The performance of our model with the pretrained contextualized language model and rule-based preprocessing method is better than that of the state-of-the-art model for ICD-10-CM or ICD-10-PCS. This study highlights the importance of rule-based preprocessing methods based on coder coding rules.
《国际疾病分类》第十版(ICD - 10)广泛应用于流行病学研究和健康管理。ICD - 10的临床修订版(CM)和手术编码系统(PCS)旨在通过增加诊断和手术编码来描述更多临床细节,并应用于疾病相关分组以进行费用报销。编码数量的增加使得编码工作既耗时又不准确。使用深度上下文词嵌入的先进模型被用于ICD - 10的自动多标签文本分类。除了输入出院诊断(DD)外,对来自其他文档类型的文本(如病史、合并症和并发症、手术方法以及特殊检查)采用适当的预处理方法可提高分类性能。
本研究旨在建立一个基于规则预处理方法的上下文语言模型,以开发用于ICD - 10多标签分类的模型。

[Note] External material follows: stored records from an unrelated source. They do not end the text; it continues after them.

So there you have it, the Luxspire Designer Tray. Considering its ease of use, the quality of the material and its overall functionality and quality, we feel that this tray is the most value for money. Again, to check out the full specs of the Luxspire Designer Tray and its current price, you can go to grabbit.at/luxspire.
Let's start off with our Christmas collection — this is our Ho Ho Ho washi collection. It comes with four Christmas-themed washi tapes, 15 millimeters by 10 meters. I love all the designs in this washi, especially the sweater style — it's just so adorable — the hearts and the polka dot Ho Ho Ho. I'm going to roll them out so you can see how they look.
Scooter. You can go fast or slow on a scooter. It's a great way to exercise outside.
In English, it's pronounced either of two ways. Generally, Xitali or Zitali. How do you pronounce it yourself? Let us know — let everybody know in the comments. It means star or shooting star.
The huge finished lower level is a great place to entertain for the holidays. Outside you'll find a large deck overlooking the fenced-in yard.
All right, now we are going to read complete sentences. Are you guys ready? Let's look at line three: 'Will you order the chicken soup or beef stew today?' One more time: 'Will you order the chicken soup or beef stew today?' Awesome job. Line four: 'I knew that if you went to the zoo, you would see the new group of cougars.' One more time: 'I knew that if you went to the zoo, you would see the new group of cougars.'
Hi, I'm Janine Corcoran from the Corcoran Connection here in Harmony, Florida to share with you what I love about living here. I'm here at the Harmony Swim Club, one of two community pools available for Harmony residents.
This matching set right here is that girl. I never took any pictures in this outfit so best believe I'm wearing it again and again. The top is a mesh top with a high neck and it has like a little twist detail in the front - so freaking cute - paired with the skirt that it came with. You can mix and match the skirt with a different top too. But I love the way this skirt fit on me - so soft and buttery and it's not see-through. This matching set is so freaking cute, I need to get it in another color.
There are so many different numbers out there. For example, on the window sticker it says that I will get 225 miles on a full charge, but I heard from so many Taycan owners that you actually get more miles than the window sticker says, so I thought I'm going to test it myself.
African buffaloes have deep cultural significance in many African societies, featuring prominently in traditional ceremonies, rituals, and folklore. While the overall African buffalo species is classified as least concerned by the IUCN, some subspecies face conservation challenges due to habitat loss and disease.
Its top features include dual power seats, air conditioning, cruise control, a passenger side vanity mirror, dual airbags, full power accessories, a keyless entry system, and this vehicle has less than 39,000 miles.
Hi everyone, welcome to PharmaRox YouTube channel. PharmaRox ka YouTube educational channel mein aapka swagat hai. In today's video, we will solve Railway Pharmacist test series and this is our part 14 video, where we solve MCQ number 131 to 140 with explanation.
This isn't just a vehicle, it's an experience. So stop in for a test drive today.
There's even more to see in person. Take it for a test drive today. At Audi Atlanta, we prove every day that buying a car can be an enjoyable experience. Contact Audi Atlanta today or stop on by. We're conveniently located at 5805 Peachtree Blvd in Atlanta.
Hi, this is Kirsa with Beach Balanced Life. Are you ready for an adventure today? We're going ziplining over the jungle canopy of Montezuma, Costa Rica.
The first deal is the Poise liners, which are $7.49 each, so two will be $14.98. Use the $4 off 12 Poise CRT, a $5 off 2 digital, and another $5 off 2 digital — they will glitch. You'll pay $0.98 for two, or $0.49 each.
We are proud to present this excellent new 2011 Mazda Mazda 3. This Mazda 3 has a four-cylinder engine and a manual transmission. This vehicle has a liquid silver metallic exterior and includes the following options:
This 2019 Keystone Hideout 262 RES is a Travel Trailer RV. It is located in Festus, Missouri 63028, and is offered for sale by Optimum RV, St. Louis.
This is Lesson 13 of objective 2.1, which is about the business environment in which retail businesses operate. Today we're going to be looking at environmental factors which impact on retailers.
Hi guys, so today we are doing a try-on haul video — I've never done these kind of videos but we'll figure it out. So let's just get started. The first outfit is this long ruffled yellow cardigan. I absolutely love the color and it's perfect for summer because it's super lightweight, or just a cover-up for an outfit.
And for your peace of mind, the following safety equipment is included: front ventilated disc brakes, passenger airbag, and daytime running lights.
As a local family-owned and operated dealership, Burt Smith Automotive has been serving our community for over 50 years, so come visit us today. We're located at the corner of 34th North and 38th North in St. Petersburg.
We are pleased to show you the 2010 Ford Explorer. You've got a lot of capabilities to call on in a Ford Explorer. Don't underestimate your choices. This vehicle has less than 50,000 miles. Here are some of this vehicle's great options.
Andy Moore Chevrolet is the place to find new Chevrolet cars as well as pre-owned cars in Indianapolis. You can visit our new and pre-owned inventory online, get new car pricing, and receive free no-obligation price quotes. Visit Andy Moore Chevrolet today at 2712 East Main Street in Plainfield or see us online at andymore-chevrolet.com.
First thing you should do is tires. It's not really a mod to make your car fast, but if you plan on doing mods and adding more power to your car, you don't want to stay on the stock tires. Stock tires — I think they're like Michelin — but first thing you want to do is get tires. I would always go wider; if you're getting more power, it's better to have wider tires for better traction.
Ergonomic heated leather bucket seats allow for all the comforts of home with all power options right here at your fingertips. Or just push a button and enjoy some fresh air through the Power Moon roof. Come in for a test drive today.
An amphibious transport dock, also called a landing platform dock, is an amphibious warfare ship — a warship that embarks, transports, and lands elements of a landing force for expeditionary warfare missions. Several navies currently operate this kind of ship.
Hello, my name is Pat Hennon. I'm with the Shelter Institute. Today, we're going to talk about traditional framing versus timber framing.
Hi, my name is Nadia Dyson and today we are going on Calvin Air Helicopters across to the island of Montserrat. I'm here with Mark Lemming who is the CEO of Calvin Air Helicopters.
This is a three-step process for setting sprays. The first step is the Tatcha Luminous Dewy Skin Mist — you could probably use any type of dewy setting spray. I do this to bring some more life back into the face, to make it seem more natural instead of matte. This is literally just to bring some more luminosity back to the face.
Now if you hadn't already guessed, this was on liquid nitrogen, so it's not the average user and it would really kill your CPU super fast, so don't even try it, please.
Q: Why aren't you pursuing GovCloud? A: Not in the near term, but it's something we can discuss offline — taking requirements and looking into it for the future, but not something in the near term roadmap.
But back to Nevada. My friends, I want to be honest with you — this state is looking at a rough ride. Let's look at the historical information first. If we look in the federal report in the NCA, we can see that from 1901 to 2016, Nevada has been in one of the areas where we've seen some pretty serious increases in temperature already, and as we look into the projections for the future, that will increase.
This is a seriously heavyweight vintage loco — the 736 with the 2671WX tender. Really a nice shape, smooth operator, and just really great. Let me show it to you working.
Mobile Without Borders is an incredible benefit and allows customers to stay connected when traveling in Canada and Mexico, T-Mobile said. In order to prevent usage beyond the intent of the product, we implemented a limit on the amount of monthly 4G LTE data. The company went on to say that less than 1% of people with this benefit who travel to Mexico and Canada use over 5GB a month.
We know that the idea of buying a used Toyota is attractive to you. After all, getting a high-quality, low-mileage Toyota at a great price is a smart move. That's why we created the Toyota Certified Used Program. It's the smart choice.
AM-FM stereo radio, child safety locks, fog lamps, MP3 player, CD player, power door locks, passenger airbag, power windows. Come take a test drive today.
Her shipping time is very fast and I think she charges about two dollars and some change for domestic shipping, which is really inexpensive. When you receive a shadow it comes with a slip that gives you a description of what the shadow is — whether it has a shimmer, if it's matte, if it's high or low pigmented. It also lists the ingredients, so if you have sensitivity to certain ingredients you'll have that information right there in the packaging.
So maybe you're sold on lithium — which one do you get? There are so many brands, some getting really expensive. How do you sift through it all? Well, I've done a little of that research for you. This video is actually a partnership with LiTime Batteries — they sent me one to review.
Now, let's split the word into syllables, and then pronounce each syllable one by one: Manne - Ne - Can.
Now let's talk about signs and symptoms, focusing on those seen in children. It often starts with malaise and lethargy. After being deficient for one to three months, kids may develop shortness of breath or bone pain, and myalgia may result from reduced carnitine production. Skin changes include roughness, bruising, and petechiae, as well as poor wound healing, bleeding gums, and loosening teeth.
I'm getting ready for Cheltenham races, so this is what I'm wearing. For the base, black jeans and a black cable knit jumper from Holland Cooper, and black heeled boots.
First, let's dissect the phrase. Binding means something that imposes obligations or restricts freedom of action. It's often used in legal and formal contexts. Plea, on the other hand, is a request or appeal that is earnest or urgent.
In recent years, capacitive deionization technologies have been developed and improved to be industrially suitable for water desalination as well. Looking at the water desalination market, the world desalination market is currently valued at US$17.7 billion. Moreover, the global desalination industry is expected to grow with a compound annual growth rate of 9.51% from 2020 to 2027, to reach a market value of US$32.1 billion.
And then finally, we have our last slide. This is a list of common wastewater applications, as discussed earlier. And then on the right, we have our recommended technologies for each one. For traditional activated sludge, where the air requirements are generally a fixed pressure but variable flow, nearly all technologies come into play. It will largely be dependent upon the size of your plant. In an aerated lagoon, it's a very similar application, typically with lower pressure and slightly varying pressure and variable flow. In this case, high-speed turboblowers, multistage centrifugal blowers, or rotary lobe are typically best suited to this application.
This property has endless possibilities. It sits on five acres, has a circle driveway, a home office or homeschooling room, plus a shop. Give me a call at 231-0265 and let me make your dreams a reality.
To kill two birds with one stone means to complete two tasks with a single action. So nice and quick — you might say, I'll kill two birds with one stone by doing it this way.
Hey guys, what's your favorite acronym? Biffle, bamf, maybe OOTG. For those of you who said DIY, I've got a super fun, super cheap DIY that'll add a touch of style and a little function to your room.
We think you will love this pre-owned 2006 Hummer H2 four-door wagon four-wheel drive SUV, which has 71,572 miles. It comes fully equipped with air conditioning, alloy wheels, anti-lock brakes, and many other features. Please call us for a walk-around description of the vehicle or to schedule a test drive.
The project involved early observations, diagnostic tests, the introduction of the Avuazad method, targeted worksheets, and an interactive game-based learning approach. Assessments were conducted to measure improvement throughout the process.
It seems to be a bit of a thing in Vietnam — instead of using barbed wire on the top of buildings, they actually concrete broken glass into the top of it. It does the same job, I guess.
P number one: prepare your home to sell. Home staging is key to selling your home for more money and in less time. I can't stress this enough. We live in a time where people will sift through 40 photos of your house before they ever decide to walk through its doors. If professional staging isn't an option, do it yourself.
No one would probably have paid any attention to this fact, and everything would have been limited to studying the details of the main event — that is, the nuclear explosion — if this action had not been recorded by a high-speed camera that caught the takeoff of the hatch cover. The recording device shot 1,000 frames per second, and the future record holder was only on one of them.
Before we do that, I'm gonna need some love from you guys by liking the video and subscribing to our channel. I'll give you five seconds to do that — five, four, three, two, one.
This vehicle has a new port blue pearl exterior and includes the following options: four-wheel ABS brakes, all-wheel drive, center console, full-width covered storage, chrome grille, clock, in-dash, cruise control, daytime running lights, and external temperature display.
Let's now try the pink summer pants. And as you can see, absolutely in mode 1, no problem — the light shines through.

我们从一家医疗中心检索电子健康记录。首先,我们比较了不同的词嵌入方法。其次,我们使用性能最佳的嵌入方法比较了预处理方法。我们比较了生物医学双向编码器表征来自变换器(BioBERT)、用于语言理解的临床广义自回归预训练(Clinical XLNet)、用于高性能极端多标签文本分类的基于标签树的注意力感知深度模型(AttentionXLM)以及词向量(Word2Vec)来预测ICD - 10 - CM。为了比较ICD - 10 - CM的不同预处理方法时,我们将DD、病史以及合并症和并发症作为输入。我们比较了使用不同预处理(包括定义训练、外部原因编码去除、数字转换和组合编码过滤)的ICD - 10 - CM预测性能。对于ICD - 10 PCS,使用DD、手术方法和特殊检查关键词的不同组合对模型进行训练。使用微F分数和接收器操作特征曲线下的微面积来比较模型与不同预处理方法的性能。
BioBERT的F分数为0.701,优于Clinical XLNet、AttentionXLM和Word2Vec等其他模型。对于ICD - 10 - CM,通过ICD - 10定义训练、外部原因编码去除、数字转换和组合编码过滤,模型的F分数从0.749(95%CI 0.744 - 0.753)显著提高到了0.769(95%CI 0.764 - 0.773)。对于ICD - 10 - PCS,结合出院诊断、手术方法和特殊检查关键词,模型的F分数从0.670(95%CI 0.663 - 0.678)显著提高到了0.726(95%CI 0.719 - 0.732)。使用我们的预处理方法,对于ICD - 10 - CM和ICD - 10 - PCS,模型在接收器操作特征曲线下的面积分别达到了最高的0.853(95%CI 0.849 - 0.855)和0.831(95%CI 0.827 - 0.834)。
我们的模型结合预训练的上下文语言模型和基于规则的预处理方法,在ICD - 10 - CM或ICD - 10 - PCS方面的性能优于先进模型。本研究强调了基于编码规则的规则预处理方法的重要性。